Tu pelo rubio flota en el viento del huracán,
que todo lo destruirá, esta noche.

La toda abarcadora voz de Santiago Motorizado planea por las líneas de los bafles. Su postura pseudo sedentaria trasmite mística. Un timbre cargado de whiskys, drogas, paranoias, muertes y espíritus. Hálito punk con dulces melodías para regalar cariño. Su bajo no lo deja solo ni un segundo, es su marca - paso musical, y sabe cómo llevarlo para exponer todo lo que tiene de sí. Pocas palabras y mucha dedicación, sin exaltaciones, ni movimientos llamativos ni estereotipos ficticios para resaltar.
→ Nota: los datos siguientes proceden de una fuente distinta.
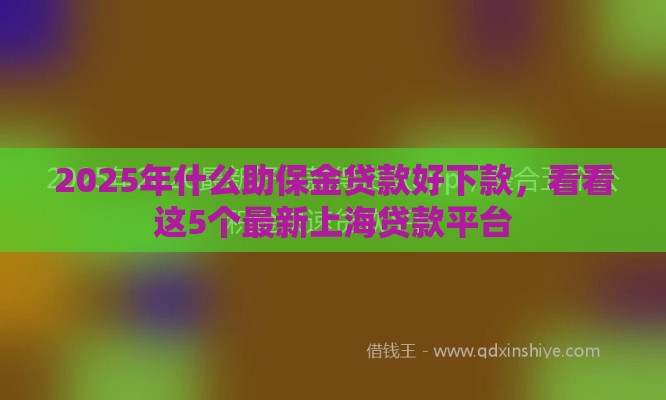 2025年什么助保金贷款好下款，看看这5个最新上海贷款平台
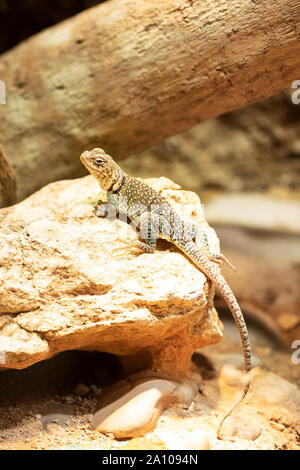 A female Eastern collared lizard (Crotaphytus collaris), sunning on a rock. Collared lizards are native to the south-central United States and Mexico. Stock Photo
Una manera única y salvaje de generar un magnetismo volcánico.

Mi voz desapareció, igual ya no hablaba bien.
Miro tu trono, Señor, y espero la salvación.
Se acercan las tormentas y yo mirando la pared,
besando la pared.
Igual, será mejor anunciar la oscuridad de la ciudad
y el renacer de este diciembre final,
Señor, me arden las manos.
Radiante estrella que hoy acabarás con la ciudad.
Miro tu trono, Señor, y espero la salvación.
Me arden las manos…

Arde también el nuevo trabajo de El mató a un policía motorizado.
En su cubil de Barrio Jardín están grabando las maquetas del próximo disco. Según comentan viajeros espaciales, ya tienen alrededor de quince canciones listas, y al parecer el disco se editará el año que viene.
Terminada la trilogía, es muy posible que este nuevo trabajo sea distinto a los demás y rompa con lo establecido hasta el momento por la banda.
Igual son sólo rumores, que, como se dijo antes, manejan los viajeros espaciales…

Habrá que esperar a que se concrete, para tener una visión más acabada con los hechos consumados.

Ah, El mató tocó en el Ayuntamiento el jueves 11 de noviembre, otra vez una presentación sin fisuras, sin chabacanerías… distinta a todo lo demás.